The following footage comes from a recent feedback session to 17 year old boys regarding their examination. The footage was taken from a notebook computer’s webcam and was simply recording in the background as the machine was used to project the feedback presentation. This clip is obviously a segment of a larger lesson.

The final product is as simple as a powerpoint and as complicated as an on demand, repeatable differentiated feedback package. Through embedding the footage in the powerpoint a simple slide packages becomes a great deal more informative. This feedback style takes a basic assessment task which was designed as assessment of learning and leverages more out of it.


Before continuing it is important to clarify my understanding of assessment terms.

  • Assessment of learning: Summative evaluation with a purpose of measuring student achievement in concrete terms.
  • Assessment for learning: Formative evaluation which encourages students to master new content through the completion of the task.
  • Assessment as learning: Formative evaluation focusing on students being reflective learners either independently or with peers. Self assessment is central.

Assessment of learning becomes assessment for learning when students are asked to critically reflect on their responses and by using the feedback re-attempt each question where they failed to gain full marks. In this way the old task is refreshed to help drive the learning. The use and revision of the video feedback becomes an invaluable tool in this activity.
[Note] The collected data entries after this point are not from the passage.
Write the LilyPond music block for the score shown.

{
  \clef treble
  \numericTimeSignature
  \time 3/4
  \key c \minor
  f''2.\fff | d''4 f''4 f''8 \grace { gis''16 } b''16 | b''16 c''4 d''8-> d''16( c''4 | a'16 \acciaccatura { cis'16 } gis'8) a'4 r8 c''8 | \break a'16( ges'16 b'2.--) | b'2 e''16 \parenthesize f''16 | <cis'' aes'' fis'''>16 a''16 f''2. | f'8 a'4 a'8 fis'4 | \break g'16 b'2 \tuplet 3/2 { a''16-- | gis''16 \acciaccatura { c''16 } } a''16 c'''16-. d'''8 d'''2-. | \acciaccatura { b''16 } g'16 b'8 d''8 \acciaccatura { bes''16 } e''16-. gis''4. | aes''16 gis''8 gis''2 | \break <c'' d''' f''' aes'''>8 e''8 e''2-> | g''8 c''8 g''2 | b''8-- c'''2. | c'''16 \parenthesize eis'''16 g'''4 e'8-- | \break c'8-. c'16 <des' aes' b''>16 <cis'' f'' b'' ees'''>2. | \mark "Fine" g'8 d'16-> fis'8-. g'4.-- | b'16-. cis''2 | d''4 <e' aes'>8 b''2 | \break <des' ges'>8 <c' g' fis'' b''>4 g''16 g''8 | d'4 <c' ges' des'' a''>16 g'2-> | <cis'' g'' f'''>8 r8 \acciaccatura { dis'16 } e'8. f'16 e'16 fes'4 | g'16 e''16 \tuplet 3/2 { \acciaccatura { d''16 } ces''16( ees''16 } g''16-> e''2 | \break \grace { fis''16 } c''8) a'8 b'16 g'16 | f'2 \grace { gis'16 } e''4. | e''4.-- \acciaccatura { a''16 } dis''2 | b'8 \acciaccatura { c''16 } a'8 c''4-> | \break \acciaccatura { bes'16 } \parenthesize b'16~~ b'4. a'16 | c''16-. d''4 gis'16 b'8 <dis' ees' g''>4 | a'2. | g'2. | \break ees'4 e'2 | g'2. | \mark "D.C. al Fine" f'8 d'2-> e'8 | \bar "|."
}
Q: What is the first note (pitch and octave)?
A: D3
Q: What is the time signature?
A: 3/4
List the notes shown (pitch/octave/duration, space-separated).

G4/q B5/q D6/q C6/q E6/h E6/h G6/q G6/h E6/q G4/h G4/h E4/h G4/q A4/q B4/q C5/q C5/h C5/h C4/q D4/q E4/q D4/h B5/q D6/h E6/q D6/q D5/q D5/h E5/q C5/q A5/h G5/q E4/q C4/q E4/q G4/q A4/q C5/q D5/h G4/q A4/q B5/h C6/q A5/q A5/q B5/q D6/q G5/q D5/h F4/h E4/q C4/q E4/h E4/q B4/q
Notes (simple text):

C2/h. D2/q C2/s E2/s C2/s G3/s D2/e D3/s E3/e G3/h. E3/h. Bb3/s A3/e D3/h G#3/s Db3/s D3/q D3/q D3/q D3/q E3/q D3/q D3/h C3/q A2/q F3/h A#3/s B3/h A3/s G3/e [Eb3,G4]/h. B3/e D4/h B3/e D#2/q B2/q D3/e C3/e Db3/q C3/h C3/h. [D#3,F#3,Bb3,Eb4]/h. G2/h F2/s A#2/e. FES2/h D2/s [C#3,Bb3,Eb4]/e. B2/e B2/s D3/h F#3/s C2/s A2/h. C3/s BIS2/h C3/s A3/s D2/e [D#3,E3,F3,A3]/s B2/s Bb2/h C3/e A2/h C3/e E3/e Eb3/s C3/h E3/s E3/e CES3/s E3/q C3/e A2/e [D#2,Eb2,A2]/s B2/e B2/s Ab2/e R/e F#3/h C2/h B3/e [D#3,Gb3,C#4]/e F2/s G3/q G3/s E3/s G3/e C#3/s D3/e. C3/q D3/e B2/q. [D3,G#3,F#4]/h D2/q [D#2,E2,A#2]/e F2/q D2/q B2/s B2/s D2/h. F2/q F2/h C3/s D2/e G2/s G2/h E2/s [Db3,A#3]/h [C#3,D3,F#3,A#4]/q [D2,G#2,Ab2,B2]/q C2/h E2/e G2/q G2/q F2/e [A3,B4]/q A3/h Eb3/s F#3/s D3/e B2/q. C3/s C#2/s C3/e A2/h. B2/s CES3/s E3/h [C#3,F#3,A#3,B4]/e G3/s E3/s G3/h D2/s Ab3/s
Assessment of learning also changes to become assessment as learning due to the deep reflection that is enabled. If assessment as learning focuses on reflection both personally and with peers the use of video feedback provides the tools to drive the student centered discourse. In the case of this class, students were paired with a partner from the opposite end of the mark range. Each pairing were asked to use their examination papers, written and video feedback to develop the most complete answers possible. Pairings reflected on their own original responses in the light of their partners and through collaboration developed a new, shared understanding of the requirements of the original task.

This simple use of video has clear advantages;

  • Formal examinations achieve a great deal more than generating a mark and grade for reporting purposes.
  • In class time used to present the feedback in the first instance multiplies its value many times over.
  • Students who require differentiated support can view and review what was discussed in class in a time and space that is non-judgmental with teachers aids, parents or peers.
  • Depending on follow up activities the initial assessment of learning can be broadened and deepened to enable assessment for and as learning to take place.
  • The time and effort invested by teachers in marking and creating feedback does not get reduced to a pass / fail or grade which inevitably festers in the bottom of the school bag or the bin shortly after leaving the room.
  • The researched advantages of flipped classrooms become accessible without the significant investment of beyond school day time required to develop them.

In a time when we ask more and more of our teachers this methodology enables the development of powerful learning resources in an efficient manner. It multiplies the value of each minute of class time and provides support to those students who are either absent or simply need to review concepts to internalize them. While it is not a technique to apply every lesson its value in compounding learning opportunities and learning styles is clear.


  1. Benjamin

    April 7, 2014 at 7:29 pm

    Is recording a class and making it available publicly online flipping the classroom for those students who attended the class? Is recording a class and making it available publicly online affording teachers to assess for and as learning? I don’t see the connection between this example of teaching to the test, or test preparation, and formative assessment that helps prepare students for content covered on standardized test items. There is a difference between teaching to the test (which is what I see in the video) and various forms of alternative forms of assessment that help students gain the knowledge and skill sets good standardized tests seek to measure.

  2. David Matheson

    April 7, 2014 at 8:58 pm

    Hi Ben,

    This example is actually a feedback session post test and so is teaching about the test rather than teaching to the test. The feedback is recorded and then used as a flipped lesson in a following period. In that flipped lesson students are asked to view the video content to help them develop a response that would earn full marks for each question in the paper. The aim of the flipped lesson is two fold. Firstly students develop skills in exam response writing based on the feedback. Secondly students revise content that was previously examined and presumably may appear in examinations at the end of the course, possibly high stakes external tests.

    Having said that I do agree that in some ways this does not meet the true definition of flipped lessons given that students will have heard the content presented live previously. However, it is my sense that hearing a message once is probably not enough, certainly in boys education repetition is a useful tool.